The board of Nevada’s Public Employees’ Retirement System just slapped you in the face — while also reaching into your wallet to pay their legal bills.
Over the past five years, both the Reno Gazette-Journal and the Nevada Policy Research Institute, the nonpartisan think tank where I used to work, have sued PERS for withholding public records. Both groups wanted information that included retiree names and their pension amounts. We already know public employee pensions can top $250,000 a year.
PERS lost in District Court in 2011. It lost at the Supreme Court in 2013. It lost when a District Court judge questioned the “truthfulness” of PERS’ former chief in 2014. It lost again last week in District Court.
To paraphrase Donald Trump: PERS has lost so much, you think they’d get tired of losing.
Nope.
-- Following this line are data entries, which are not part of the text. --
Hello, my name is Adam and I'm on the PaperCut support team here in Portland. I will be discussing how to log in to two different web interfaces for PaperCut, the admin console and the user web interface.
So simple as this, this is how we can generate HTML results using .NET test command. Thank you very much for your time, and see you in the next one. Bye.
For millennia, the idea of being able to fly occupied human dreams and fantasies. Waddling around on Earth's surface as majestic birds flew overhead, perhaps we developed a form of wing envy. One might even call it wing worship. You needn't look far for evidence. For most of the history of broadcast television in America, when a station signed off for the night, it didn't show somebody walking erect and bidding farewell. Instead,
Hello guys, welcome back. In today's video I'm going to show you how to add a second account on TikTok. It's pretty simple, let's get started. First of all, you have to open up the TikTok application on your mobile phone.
After District Judge James Wilson ruled last week that PERS must fulfill NPRI’s request for 2014 pension information, PERS’ board held an emergency meeting Tuesday and decided to appeal. Expect PERS to lose again, especially because the Nevada Supreme Court actually strengthened the Public Records Act in its unrelated 2015 Blackjack Bonding ruling.
Not that PERS cares.
PERS is using your money to keep you from finding out how it’s spending your money. It’s the pinnacle of government arrogance.
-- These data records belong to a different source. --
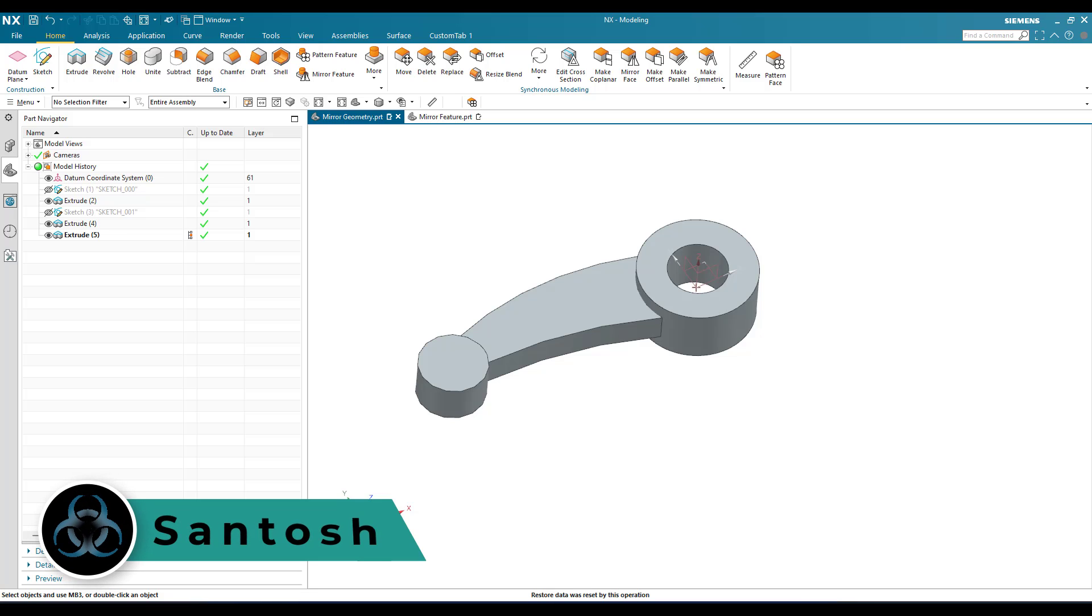Hello all, this is Santosh and welcome to Tech Design. In this tutorial we're going to discuss what is the difference between mirror geometry and mirror feature.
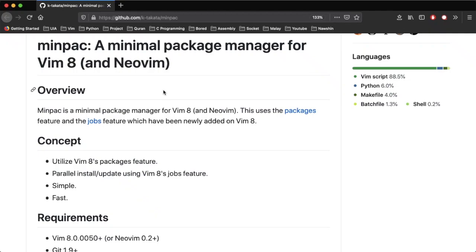MINPAC is a minimal package manager for Vim 8 and Neovim. It's different from other package managers like Vimplug because it makes use of the default built-in package manager of Vim 8.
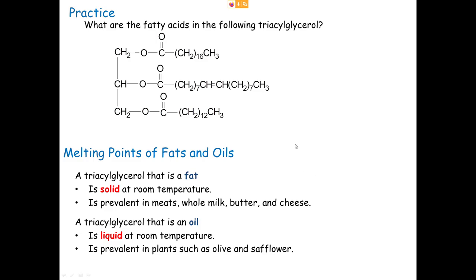Fats and oils are both triacylglycerols. A fat is solid at room temperature (25°C)—most often from an animal source. An oil is liquid at room temperature—often from a plant or fish source. The terminology is based purely on physical state at room temperature, not necessarily on origin.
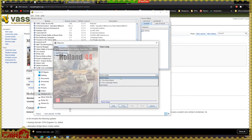There is sometimes a significant learning curve. Some Vassal modules are essentially a board and pieces you can move around and that's it. Other Vassal modules have a substantial amount of automation where some combat calculations might be done for you, or there might be a chit cup where you can draw chits, or a deck you can draw cards from. That all varies by game and by module.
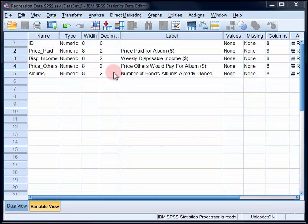We're going to enter the predictive variables into the regression model in two steps, or blocks. On the first block, we'll enter disposable income and price that others would pay, and then on the second block, we'll enter the number of previous albums owned.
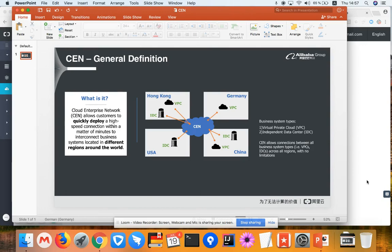And today I'd like to introduce you to CEN and how to configure it in a few minutes.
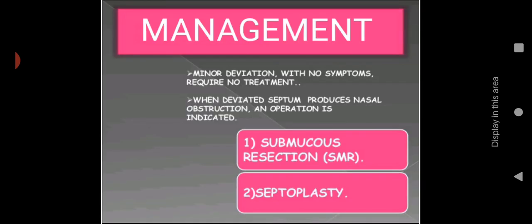Minor deviations with no symptoms require no treatment. Since 80% of cases are asymptomatic with mild deviations, no treatment is needed. When the deviated septum produces nasal obstruction, an operation is indicated — when the person cannot breathe properly and sinusitis causes much discomfort, surgery is needed. The surgeries include submucous resection and septoplasty.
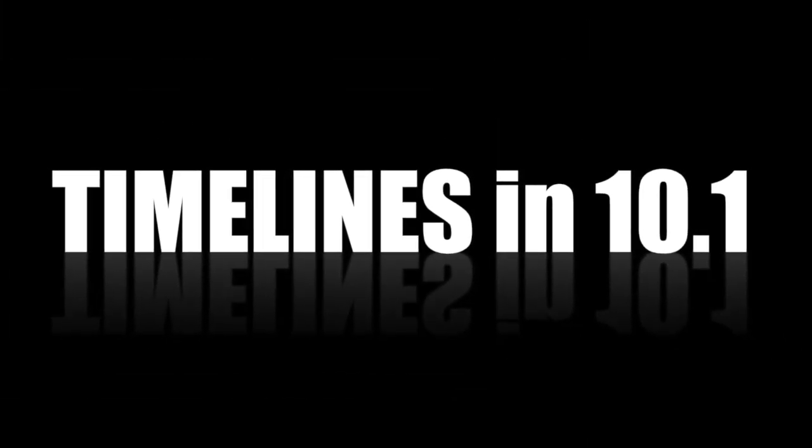There you have it—compound clip timelines and project timelines in Final Cut Pro 10.1. Thanks for watching.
You fund the government contributions to PERS that are invested and paid out as benefits. And you’re the backstop for PERS when it finally hits a fiscal wall. PERS offers the most generous pensions in the county for full-career retirees and is one of the most underfunded state pensions in the country. And the public has been kept in the dark for decades about benefits that are no longer available in the private sector.
Public employee salary information is public record. But pensions aren’t? Come on.
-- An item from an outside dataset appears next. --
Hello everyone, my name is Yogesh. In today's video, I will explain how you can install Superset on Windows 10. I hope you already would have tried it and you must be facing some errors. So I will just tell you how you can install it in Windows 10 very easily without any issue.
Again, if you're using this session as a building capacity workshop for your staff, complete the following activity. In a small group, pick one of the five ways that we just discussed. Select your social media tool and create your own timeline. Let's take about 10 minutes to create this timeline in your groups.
PERS claims that it’s working to protect member privacy, but PERS’ attempts to avoid transparency have actually put its members at greater risk.
In 2014, a district judge ruled that PERS had to release a document it sends to its actuary that contains all the information requested by the Reno Gazette-Journal. PERS did so. But in 2015, PERS eliminated names from that document and used Social Security numbers as the unique identifier. After making the change, PERS sent a document to NPRI that included no names, but the Social Security numbers of more than 100 current and retired judges.
PERS denied it released the information in retaliation for the Supreme Court’s ruling, but it still refused to release names.
PERS’ only hope to keep these records secret is to change the law. In 2015, nine Democrat senators, including then-Senate Minority Leader Aaron Ford, sponsored a bill to exempt PERS payouts from the Public Records Act. The Republican-controlled Senate didn’t even give the bill a hearing, but Ford is now the Senate majority leader. The public must demand that legislative Democrats protect the public’s right to know.
“If at first you don’t succeed, try, try again” is great life advice, but it’s not the motto public officials should use when trying to hide public records from the public.